According to President Trump, the talks fell apart over the discussion of sanctions relief, claiming Kim wanted total sanctions relief, while not giving the US concessions in the area it wants. However, the North Koreans claim that they only asked for partial sanctions relief. Given this, it’s no surprise that we have arrived at an impasse. It’s also no surprise that high level talks failed without the necessary progress that lower level discussions provide.

To understand where we are now, let’s look at the successes and failures of this round of talks:

A Success

Gauging this meeting as a success isn’t premised on whether North Korea agreed to denuclearize, it’s premised on the meeting not resulting in a bad deal for America.

President Trump walked away from North Korea’s demands. This is actually extremely promising. It demonstrates that the President, despite his praise and rosy rhetoric towards Kim Jong Un, is neither completely naïve or desperate for a deal. While this may be a low bar for success, given the risks involved and how badly it could have gone, it’s worth celebrating.

Diplomacy is often a long process. The agreements are rarely simple. Nuance is important. Even if the two leaders agree to a grand deal in principle, the procedural questions about how such a deal is implemented will require lower level negotiators to work out. Those lower level negotiators will have to get back to work.

A Failure

Obviously, no deal was signed at this meeting. North Korea hasn’t agreed to give up its nuclear weapons, and it is unlikely that North Korea will ever do so, so long as it sees a threat to its regime. At this time, there are no plans for a future meeting, and thus the meeting failed to accomplish anything tangible other than to establish that there is still a major disagreement.

Part of the reasoning for this failure is that there seems to be a great deal of confusion in the Trump administration over North Korea’s definition of denuclearization. For the US, this means the dismantlement of North Korea’s nuclear arsenal and the capacity to build it. For North Korea, this extends to the US nuclear umbrella over Japan and South Korea, and digs deep into US deterrent strategy in the region. This may not be a difference that can be rectified.

For the US and North Korea to head on a path for the latter to surrender its weapons, a great deal of supporting non-nuclear diplomacy will need to be done.

Where We Should Go from Here

The answer to this is more obvious than may appear: we keep talking. And we must find ways to talk about things other than the nuclear weapons issue. If nuclear weapons define the entirety of the relationship between the US and North Korea, then the reason for those weapons existing will likely never change.

There were some good ideas in the rumored agreement that might be struck in Hanoi, despite many declaring it heavily biased towards North Korea’s goals. For instance, beginning to implement diplomatic relations is an inherently worthy step towards trust-building.

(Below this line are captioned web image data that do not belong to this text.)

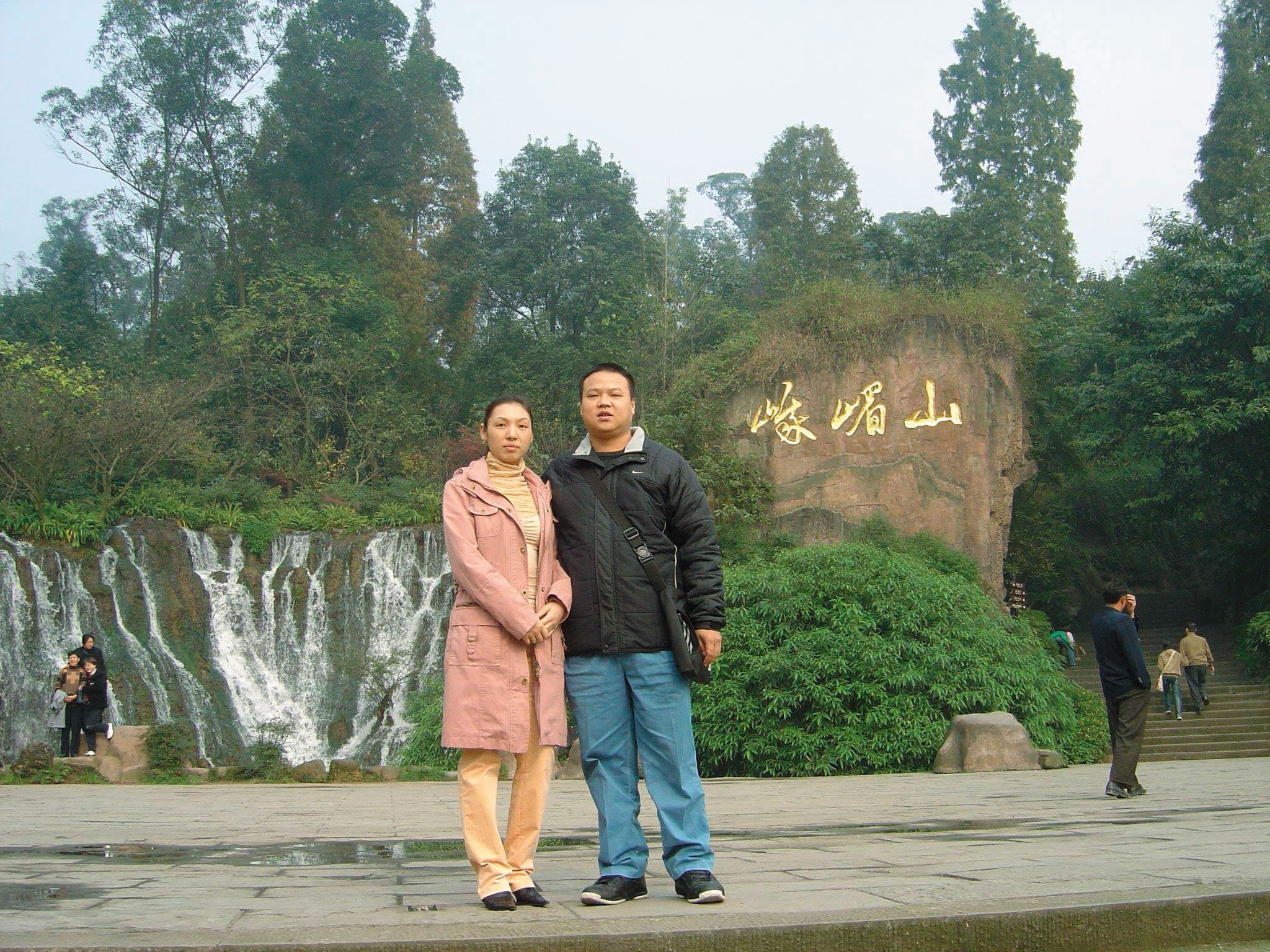 陳俊男（右）與前妻黃夢（左）在海南島相識，婚後回台生子，家中經濟日漸困頓，夫妻經常大吵，2014年離婚。圖為2人在峨嵋山留影。（翻攝自臉書）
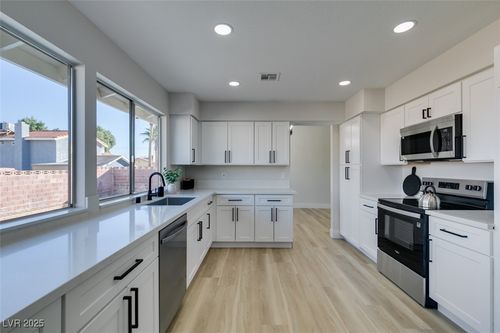 4650 White Rock Dr, Las Vegas, NV, 89121-5908 | Card Image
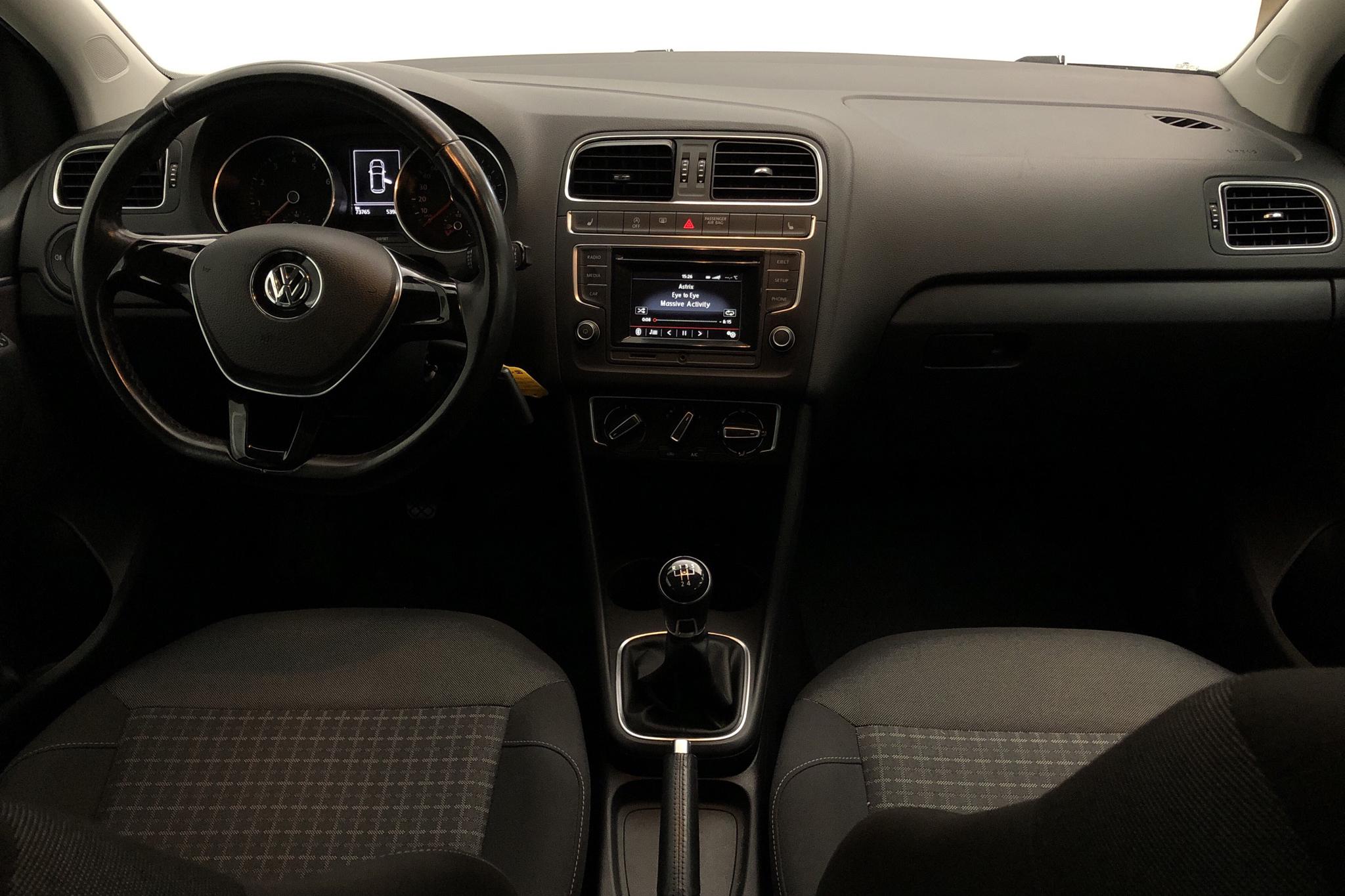 VW Polo 1.2 TSI 5dr (90hk) - 73 770 km - Manual - black - 2016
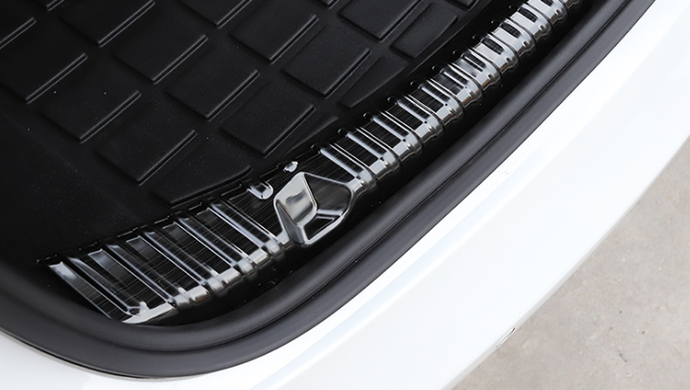 Защитная накладка на багажник Tesla Model 3 / Model Y черная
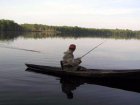 Водолазы обнаружили тело рыбака в озере Ставрополья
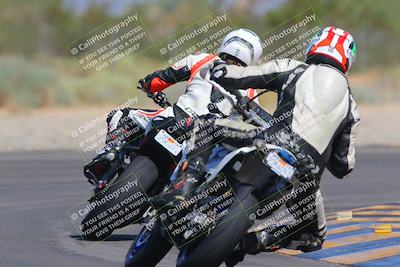 media/Sep-25-2023-Moto Forza (Mon) [[81ffa65e0a]]/B-C Group/Session 4 (Turn 2 Backside)/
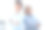 肖像两个快乐微笑多样化的呼叫中心电话营销代理站背靠背双臂交叉，而戴耳机在办公室。提供客户服务支持的自信和友好的非洲裔美国人和亚洲人助理图片下载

A liaison office will help facilitate dialogue, so long as there are guarantees about its safety. We have to remember, despite all the issues between the US and the Soviet Union during the Cold War, we maintained diplomatic relations. Frankly, it was too dangerous not to.  Building ties and a diplomatic relationship is far better than the alternative of building suspicions and marching towards war. We need a basis of communication.

What has been made clear at Hanoi is that more communication is needed before denuclearization is a real possibility. It would be wise to coordinate more closely with South Korea, as it has made real progress in reducing tensions between the two countries.

As we try to figure out what’s next, we should ask what efforts we can pursue to eliminate North Korea’s fears, and continue to ratchet down the tension—while assuring our own interests are protected. Building trust in less threatening areas will be helpful for this, but trust will also require certain action from North Korea. It will require receptiveness to certain diplomatic overtures, such as exchange programs. But even before that, perhaps apologizing for the death of Otto Warmbier, and pledging it will never happen again, would be a good place to start.